The input
::::
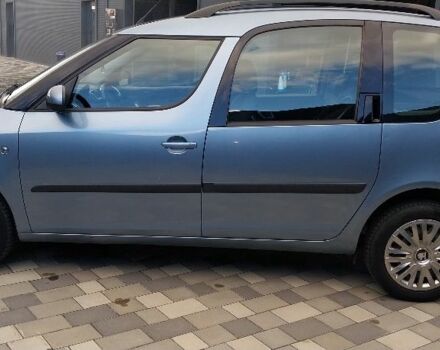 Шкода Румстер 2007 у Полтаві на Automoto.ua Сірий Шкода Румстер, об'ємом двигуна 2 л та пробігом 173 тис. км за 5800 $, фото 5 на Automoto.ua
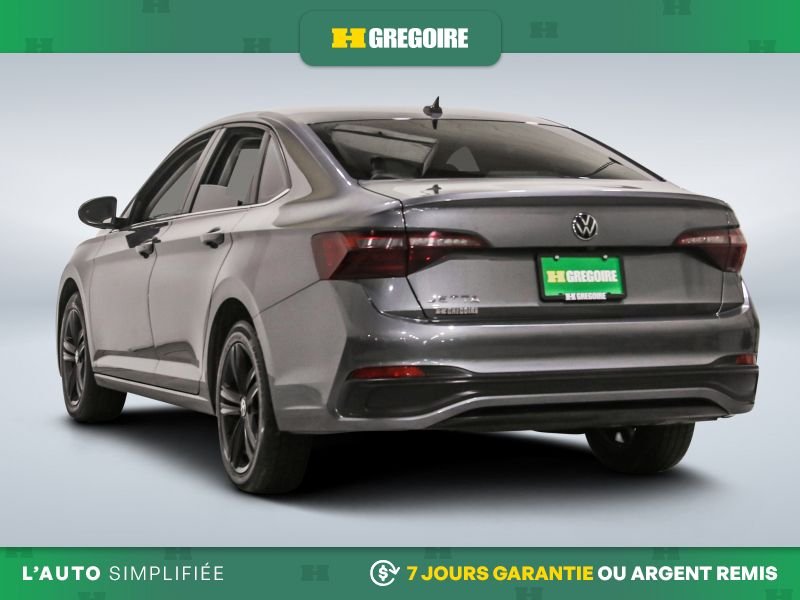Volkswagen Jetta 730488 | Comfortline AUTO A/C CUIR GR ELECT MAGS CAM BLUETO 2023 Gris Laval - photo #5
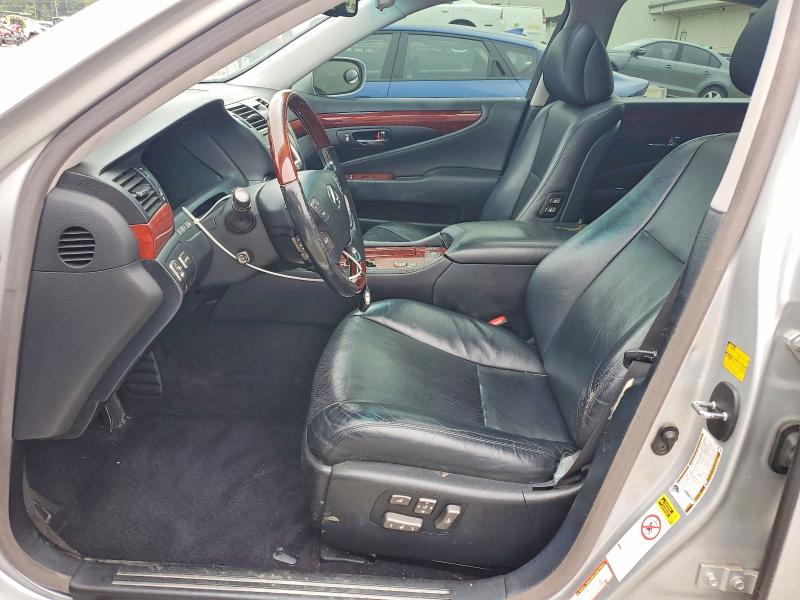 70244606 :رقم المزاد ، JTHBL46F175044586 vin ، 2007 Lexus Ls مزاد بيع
::::
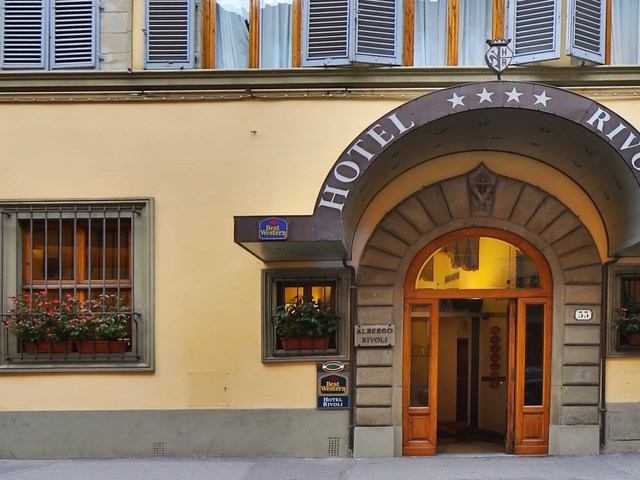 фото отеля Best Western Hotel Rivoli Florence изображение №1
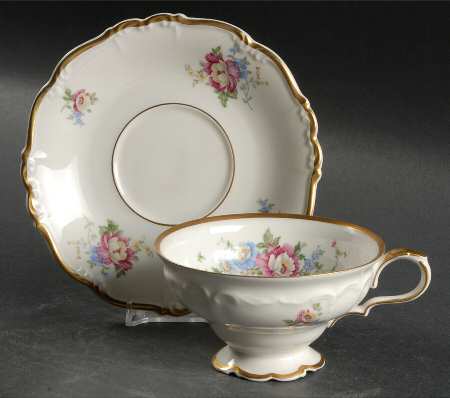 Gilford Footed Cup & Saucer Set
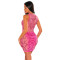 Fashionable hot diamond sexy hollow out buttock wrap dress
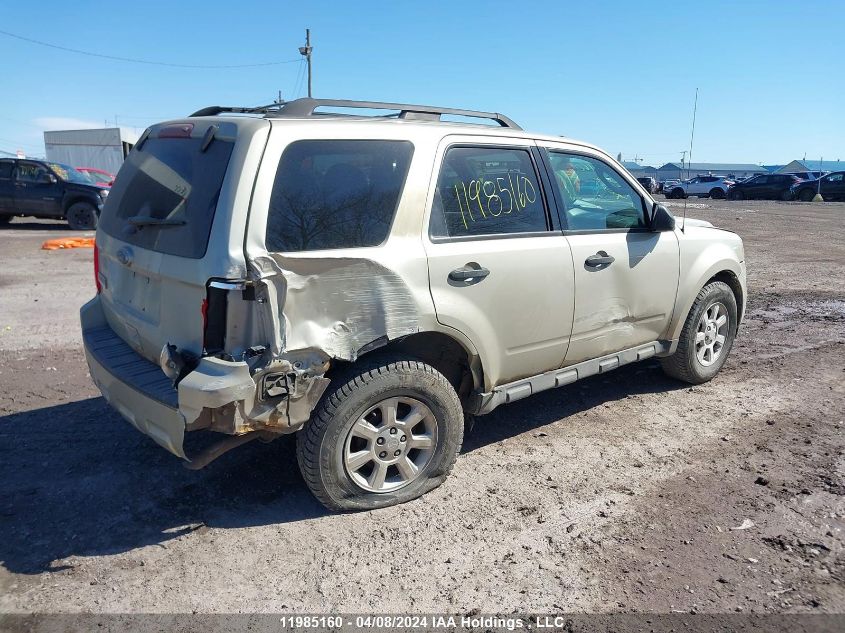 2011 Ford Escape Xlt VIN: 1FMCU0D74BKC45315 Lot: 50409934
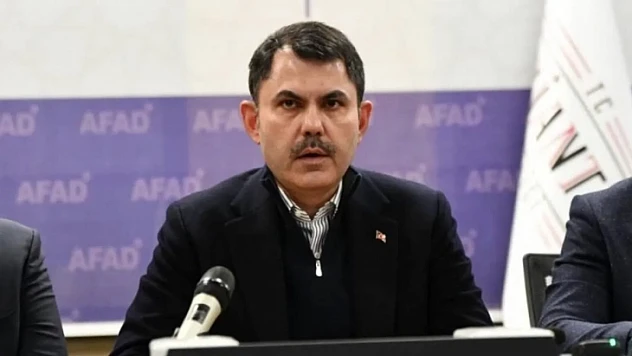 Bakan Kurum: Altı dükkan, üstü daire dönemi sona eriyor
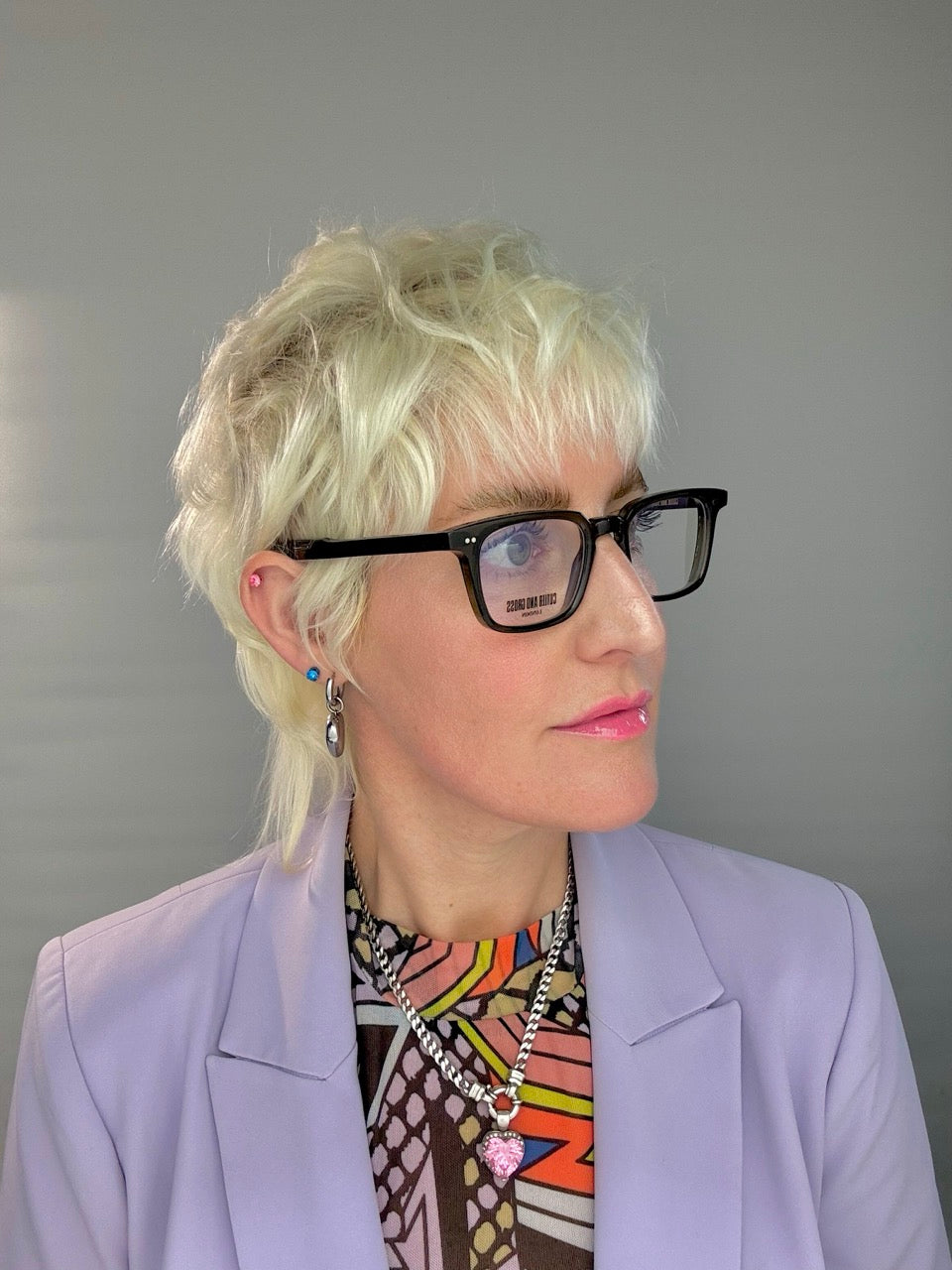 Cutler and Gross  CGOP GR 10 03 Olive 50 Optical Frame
::::
Nothing outside the stretch above, from the line with "Bakan Kurum: Altı" through the line with "Cutler and Gross", is set down. Transcribe that stretch exactly, ends included, but not its pictures.

 Bakan Kurum: Altı dükkan, üstü daire dönemi sona eriyor
 Cutler and Gross  CGOP GR 10 03 Olive 50 Optical Frame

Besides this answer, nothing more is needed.